Save the Children is not recommended by GiveWell, but this is largely because ‘mega charities’ (budgets of $250m+) are difficult to assess (though size may also obscure ineffectiveness). Scale has long been an obstacle to effective funding decisions and allocation (see GW’s 2011 explanation), and Save the Children is not exempt: GiveWell noted in Dec 2018 that StC was included in the ‘mega charity → hard to assess → uncertainty → less likely to recommend’ bucket. SoGive also rates Save the Children far down the list on cost-effectiveness, again due to absence of information (the AMF is rated ~5.5x as effective.)

As an aside, how GiveWell values uncertainty has an impact on cost-effective analysis, and the lack of ratings for mega charities has been considered problematic. For example, SoGive nonetheless rates Save the Children as ‘promising’, so we may be missing cost-effective opportunities. I would consider this post a success if it prompted discussion on how to mitigate uncertainty or improving how we value it.

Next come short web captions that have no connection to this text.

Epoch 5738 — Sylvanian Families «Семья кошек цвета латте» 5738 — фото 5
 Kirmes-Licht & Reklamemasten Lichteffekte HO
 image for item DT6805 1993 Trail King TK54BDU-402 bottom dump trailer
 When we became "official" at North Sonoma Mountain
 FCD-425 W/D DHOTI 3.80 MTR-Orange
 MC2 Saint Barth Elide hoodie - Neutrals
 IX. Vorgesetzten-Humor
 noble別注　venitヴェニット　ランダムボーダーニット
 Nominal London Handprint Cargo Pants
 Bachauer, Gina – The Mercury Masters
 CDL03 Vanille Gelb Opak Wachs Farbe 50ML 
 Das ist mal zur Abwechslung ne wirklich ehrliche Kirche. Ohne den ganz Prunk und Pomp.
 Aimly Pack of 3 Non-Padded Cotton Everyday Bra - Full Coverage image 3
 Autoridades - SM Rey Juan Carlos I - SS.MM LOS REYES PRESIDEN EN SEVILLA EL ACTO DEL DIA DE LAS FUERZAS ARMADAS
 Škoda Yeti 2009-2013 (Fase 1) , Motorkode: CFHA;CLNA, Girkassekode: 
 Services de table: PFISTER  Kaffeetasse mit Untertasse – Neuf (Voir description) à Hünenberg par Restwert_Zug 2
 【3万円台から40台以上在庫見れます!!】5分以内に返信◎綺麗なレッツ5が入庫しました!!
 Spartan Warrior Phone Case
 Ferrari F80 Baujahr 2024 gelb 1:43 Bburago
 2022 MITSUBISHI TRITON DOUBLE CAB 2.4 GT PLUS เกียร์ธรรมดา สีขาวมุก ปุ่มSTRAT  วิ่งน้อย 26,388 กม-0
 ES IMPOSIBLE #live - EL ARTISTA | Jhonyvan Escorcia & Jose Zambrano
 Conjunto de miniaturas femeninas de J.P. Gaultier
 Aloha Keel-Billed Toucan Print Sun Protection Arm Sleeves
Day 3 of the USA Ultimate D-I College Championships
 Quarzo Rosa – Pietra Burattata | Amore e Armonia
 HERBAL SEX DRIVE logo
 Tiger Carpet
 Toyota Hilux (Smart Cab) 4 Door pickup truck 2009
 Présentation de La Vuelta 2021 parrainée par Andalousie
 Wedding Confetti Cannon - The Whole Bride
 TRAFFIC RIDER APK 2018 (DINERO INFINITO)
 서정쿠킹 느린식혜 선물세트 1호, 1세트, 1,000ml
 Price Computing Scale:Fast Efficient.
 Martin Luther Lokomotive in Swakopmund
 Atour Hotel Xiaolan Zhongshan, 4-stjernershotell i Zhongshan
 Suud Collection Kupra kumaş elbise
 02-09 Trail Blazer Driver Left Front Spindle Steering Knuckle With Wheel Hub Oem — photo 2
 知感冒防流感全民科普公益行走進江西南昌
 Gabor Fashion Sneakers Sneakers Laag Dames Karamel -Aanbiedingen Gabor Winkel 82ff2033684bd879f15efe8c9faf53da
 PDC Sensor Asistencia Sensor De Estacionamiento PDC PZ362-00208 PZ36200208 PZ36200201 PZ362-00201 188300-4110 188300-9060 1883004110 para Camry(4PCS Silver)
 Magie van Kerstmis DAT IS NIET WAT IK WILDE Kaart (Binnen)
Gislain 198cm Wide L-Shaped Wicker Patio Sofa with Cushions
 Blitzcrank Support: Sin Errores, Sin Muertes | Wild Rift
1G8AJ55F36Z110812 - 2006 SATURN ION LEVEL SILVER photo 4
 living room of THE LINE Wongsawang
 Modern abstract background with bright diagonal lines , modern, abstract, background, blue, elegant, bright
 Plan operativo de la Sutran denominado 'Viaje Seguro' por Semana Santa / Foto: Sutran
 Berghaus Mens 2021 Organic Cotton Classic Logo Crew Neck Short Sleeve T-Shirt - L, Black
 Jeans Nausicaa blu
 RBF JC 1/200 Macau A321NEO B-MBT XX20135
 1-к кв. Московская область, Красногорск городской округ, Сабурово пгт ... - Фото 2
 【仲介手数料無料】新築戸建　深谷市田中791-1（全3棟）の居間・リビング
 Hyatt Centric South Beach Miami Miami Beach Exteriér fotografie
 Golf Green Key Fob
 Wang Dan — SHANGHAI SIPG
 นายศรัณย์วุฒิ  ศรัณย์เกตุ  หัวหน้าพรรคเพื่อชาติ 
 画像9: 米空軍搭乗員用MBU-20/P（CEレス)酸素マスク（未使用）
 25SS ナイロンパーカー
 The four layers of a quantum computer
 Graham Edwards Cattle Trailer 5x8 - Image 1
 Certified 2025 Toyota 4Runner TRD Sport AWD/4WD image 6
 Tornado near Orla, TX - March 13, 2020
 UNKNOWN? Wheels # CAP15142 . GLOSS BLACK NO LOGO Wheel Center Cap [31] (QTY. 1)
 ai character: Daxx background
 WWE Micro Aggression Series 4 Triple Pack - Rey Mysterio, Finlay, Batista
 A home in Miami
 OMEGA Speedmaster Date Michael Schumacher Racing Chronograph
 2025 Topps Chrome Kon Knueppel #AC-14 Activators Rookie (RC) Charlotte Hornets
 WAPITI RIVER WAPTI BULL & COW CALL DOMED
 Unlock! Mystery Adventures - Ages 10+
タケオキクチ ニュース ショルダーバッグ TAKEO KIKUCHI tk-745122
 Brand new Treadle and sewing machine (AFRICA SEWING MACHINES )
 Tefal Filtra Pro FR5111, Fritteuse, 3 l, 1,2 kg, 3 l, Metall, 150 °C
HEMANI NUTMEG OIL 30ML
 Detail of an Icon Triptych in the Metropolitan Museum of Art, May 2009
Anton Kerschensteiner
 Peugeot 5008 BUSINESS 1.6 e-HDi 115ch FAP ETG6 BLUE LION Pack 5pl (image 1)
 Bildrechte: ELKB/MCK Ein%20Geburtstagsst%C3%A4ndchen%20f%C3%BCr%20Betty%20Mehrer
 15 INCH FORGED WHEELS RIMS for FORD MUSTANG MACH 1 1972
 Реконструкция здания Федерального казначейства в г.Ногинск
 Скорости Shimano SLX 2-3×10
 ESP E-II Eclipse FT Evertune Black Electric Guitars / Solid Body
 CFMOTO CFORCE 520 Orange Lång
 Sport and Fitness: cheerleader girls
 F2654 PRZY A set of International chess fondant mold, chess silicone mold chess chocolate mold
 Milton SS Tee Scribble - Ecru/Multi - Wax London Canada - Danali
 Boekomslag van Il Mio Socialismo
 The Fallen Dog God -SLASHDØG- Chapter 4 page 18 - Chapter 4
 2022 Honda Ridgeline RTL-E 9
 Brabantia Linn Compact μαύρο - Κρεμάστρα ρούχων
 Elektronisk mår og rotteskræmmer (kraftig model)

Indeed, uncertainty regarding mega charities is not a sufficient reason to not donate to them at all. In Open Philanthropy’s overview of their main allocations for 2021, malaria and malnutrition, respectively, were the top two cause areas, and of the $27m allocated to malnutrition, $20m went to the International Rescue Committee, a mega charity (budget: $700m+). An equal amount ($27m) was allocated to malaria, for comparison of how Open Phil weighed up those cause areas (100% to the Malaria Consortium, a top-rated GiveWell charity).

Specific programmes: GiveDirectly

The specific programme matters as much, if not more, than the charity or the method. The attention paid by GiveDirectly to this cause in a Yemeni context prompted me to update upwards on my beliefs about how cost-effective this cause could be.

GiveDirectly currently has a banner on its homepage noting that food prices have doubled in the past year in Yemen. Not East Africa, but they are directing site visitors to their campaign for unconditional cash transfers. They have raised $4.7m out of a $6.5m funding goal.

(GiveDirectly was one of GiveWell’s top-rated charities from 2012 to Aug 2022, when it was demoted after a criteria change, “even though we still consider it an outstanding program.” See GiveWell’s summary here.)

A growing cause area?

In Open Phil’s 2021 overview (published November), GiveWell suggests that “malnutrition is a very promising area for charitable funding in the future.”

They clarify further: “To give a sense of what we expect, we would not be surprised if GiveWell directs as much funding to malnutrition in the future as we have to malaria programs in recent years.”

In their complementary post on this forum (14 karma, no comments), they note malnutrition as a “promising new area,” suggesting that it “may have large, cost-effective funding gaps” (emphasis added).

Opinions very welcome:

  • is donating to tackle current famines is cost-effective, compared to a malaria medication (which has received more attention from EA, though not necessarily the rest of the world)?

  • how should we assess the cost-effectiveness of donating on malnutrition and famine relief (particularly at mega charities like the International Rescue Committee)?